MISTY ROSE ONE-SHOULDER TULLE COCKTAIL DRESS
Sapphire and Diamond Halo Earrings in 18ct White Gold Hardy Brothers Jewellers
○ ○ ○ ○
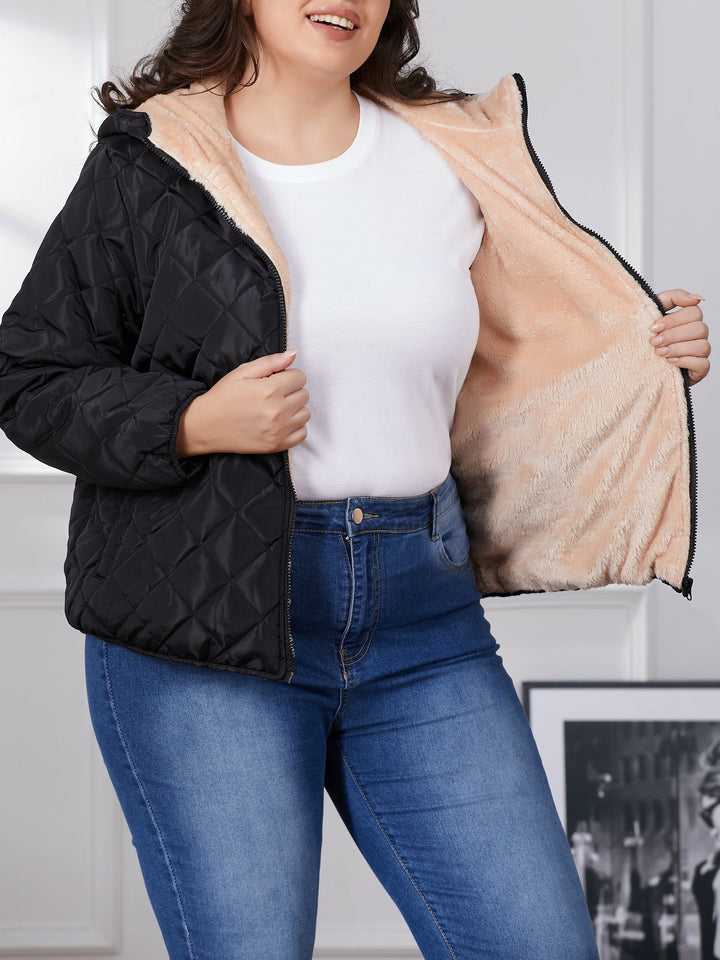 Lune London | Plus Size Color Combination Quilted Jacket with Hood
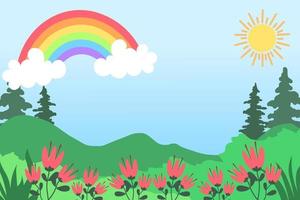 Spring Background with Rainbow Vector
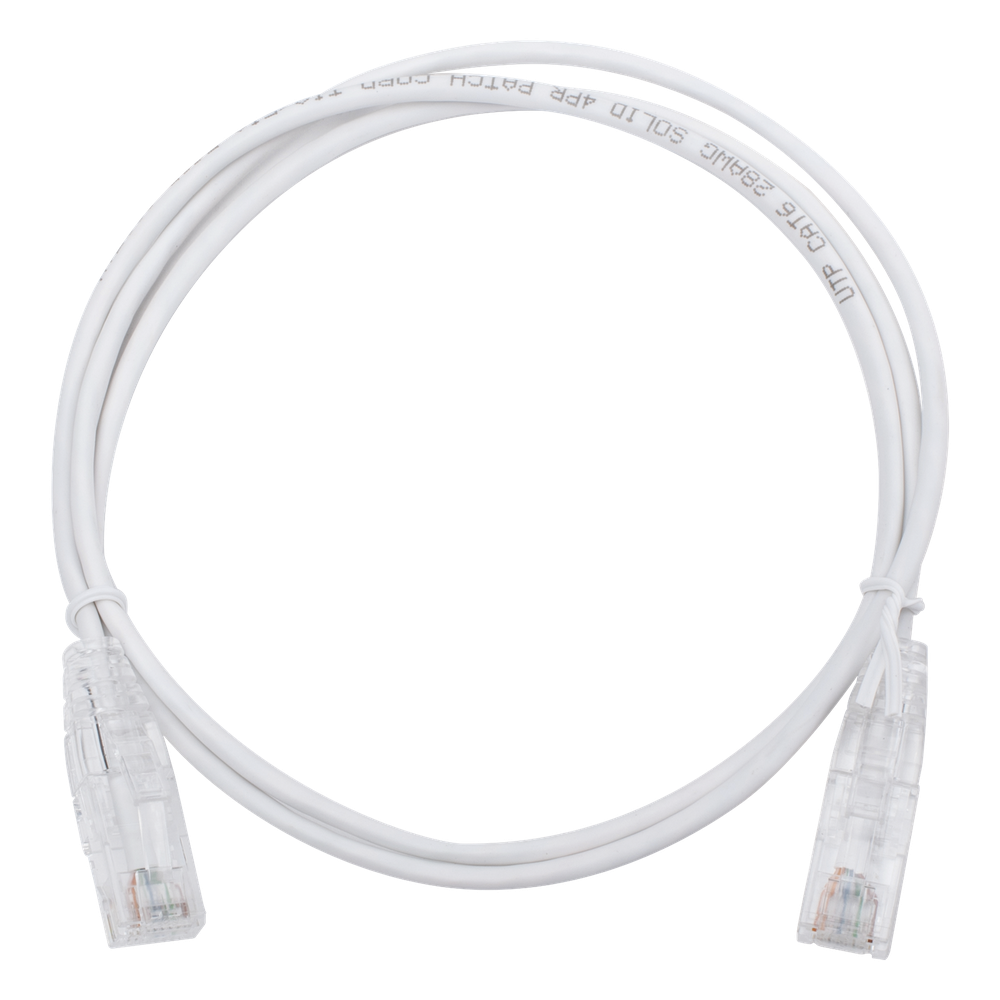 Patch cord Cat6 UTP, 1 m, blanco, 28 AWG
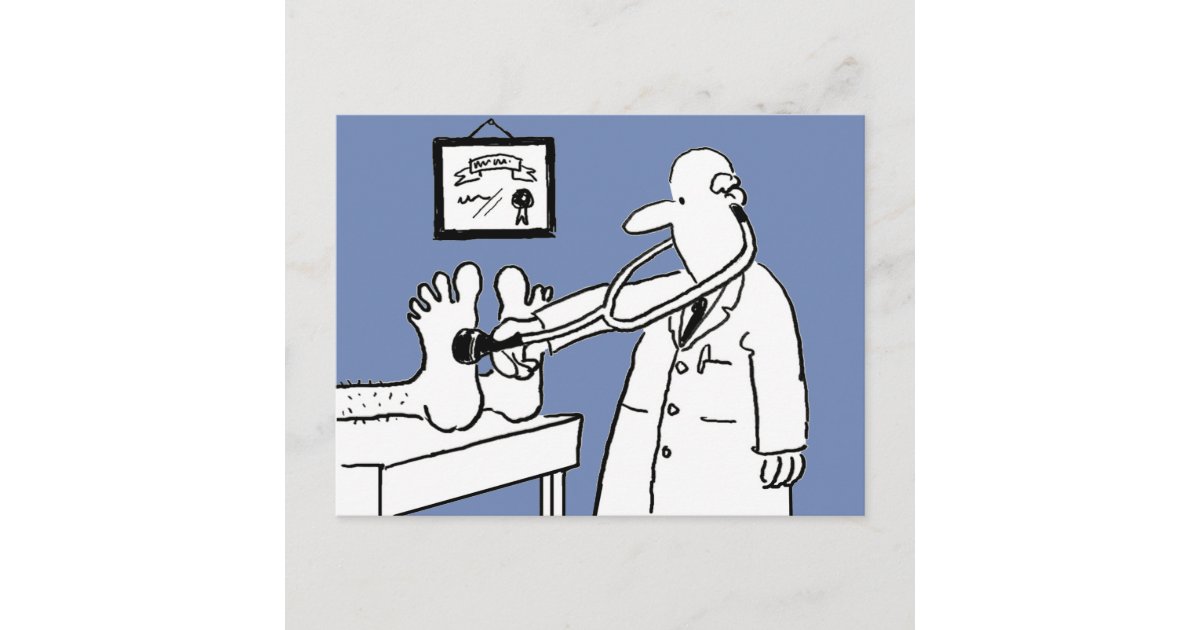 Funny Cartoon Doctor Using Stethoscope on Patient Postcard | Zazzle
○ ○ ○ ○
→ Problem statement: Leaving each picture behind, please give again exactly the lines above from the one with "Patch cord Cat6 UTP, 1 m, blanco, 28 AWG" through the one with "Funny Cartoon Doctor", both included, and no others.

→ Output of the exercise:
 Patch cord Cat6 UTP, 1 m, blanco, 28 AWG
 Funny Cartoon Doctor Using Stethoscope on Patient Postcard | Zazzle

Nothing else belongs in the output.